With his corner imploring him, “Robert keep boxing, go back to boxing,” Guerrero couldn’t escape the onslaught from Figueroa, who landed 88 of 185 total punches (48 percent) in the fight, including 49 of 97 in Round 2.
At 1:54 of the second, Figueroa unleashed a perfect left uppercut that sent “The Ghost” down on both knees. That triggered something in Guerrero, because he came storming back and pinned Figueroa against the ropes. The younger fighter punched his way out, though, and once again had Guerrero in trouble.

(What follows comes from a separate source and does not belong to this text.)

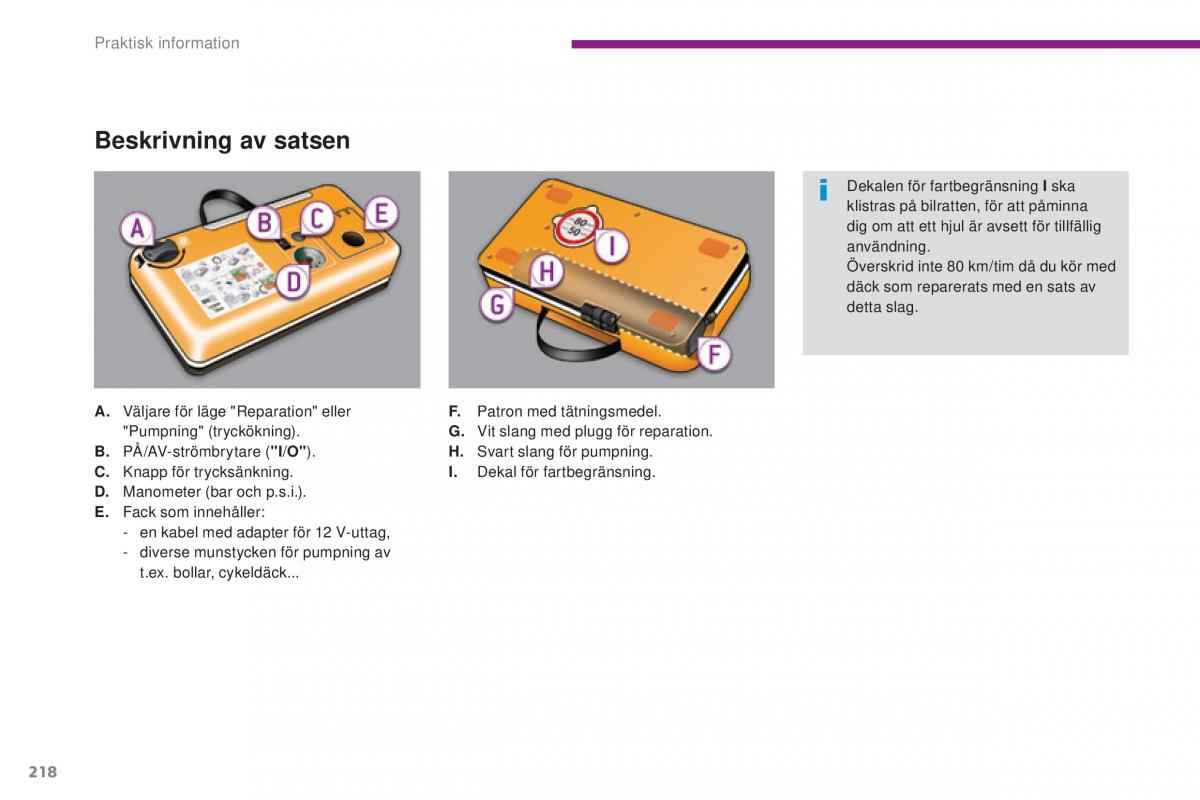 Peugeot 5008 instruktionsbok / page 220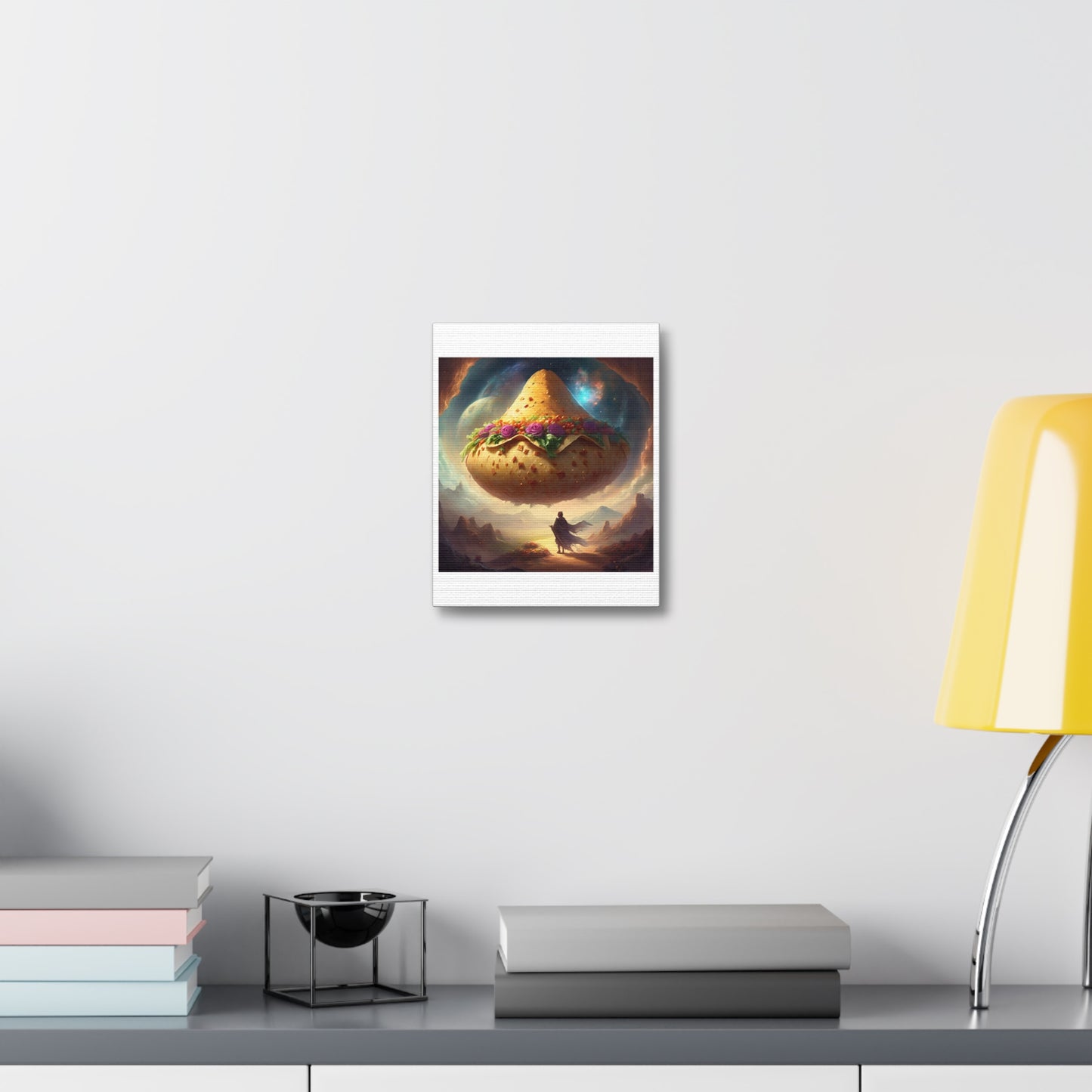 Cosmic Taco Planetoid Surreal Food Fantasy Art Canvas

From there, neither fighter could get out of the way of each other, but another pulverizing right knocked down Guerrero a second time with 30 seconds left in the round. Guerrero was barely able to stand before Figueroa landed a body shot, putting him down a third time in the round.
Still, referee Ron Lipton let it continue as the bell ended the round, although it appeared Guerrero was out on his feet.
“ We knew that it was going to be tough to accomplish, but I trained to get the knockout. With my hands finally being healthy, we knew that it was possible. ” Omar Figueroa Jr., on gaining a third-round TKO of Robert Guerrero after a 19-month layoff
“After the first knockdown, I knew that the instinct would kick in for him and he'd go all out,” said Figueroa, who landed 81 of 146 power punches (56 percent). “I thought it was going to be over after the first knockdown of the second round, but the ref let it keep going. I haven't fought this way in a long time because I didn't have the power in my hands. I'll always find a way to come out on top, though.”
Whatever he had left, Guerrero let loose in the opening seconds of the third. The lionhearted southpaw backed Figueroa up with big, looping shots, leaving himself open for countering uppercuts. It was a short right that dropped the Gilroy, California, native a fourth time, with 2:15 left in the third. Finally, Guerrero’s gallantry gave way, and a left to the body felled him a fifth time.
That was enough for Lipton to end it at 1:30 of the third.
“I've been working since January, so I'm going to take some time off,” Figueroa said. “Then I'm going to get back into camp to get back to 140 pounds. I want to be back in the ring by the end of the year.”
In televised undercard action, 2012 U.S. Olympian “Sir” Marcus Browne (20-0, 15 KOs) continued his climb toward a possible 175-pound title shot with a second-round TKO of local favorite Seanie Monaghan (28-1, 17 KOs).
Browne, a southpaw, landed a straight left on the forehead that dropped his longtime sparring partner in the opening minute of the fight. Later in the first, Browne hit Monaghan with a shot to the midsection that appeared borderline, but referee Steve Willis called it low, giving the 35-year-old needed time to recover.
Browne, 26, resumed his attack in the second, starting with a right hook that had Monaghan reeling against the ropes. Browne then followed up with a left, a right and then a cascade of shots that left Monaghan defenseless. Willis quickly intervened and called it over at 40 seconds of Round 2.
“It was very tough, [Monaghan] is a guy that I have real love for, but I just had to take care of business and do what I had to do,” Browne said. “We opened things up with the jab. I set up [the knockdown] with my jab. I caught him with a good right hook, and that basically finished the job. That just opened up and I let things flow.”
In a battle of Polish-born heavyweights, Adam Kownacki (16-0, 13 KOs) handed Artur Szpilka (20-3, 15 KOs) his second straight loss in a breakout performance, using a high-volume attack to gain one knockdown and earn a fourth-round TKO.
Also, Jamal James (21-1, 9 KOs) won a 10-round unanimous decision over former title challenger Jo Jo Dan (36-5, 19 KOs) in a high-action 147-pound bout, and 122-pound prospect Brandon Figueroa (13-0, 8 KOs), the younger brother of Omar Figueroa, used a high-volume body attack to earn an eight-round unanimous decision over Fatiou Fassinou (28-7-3, 15 KOs).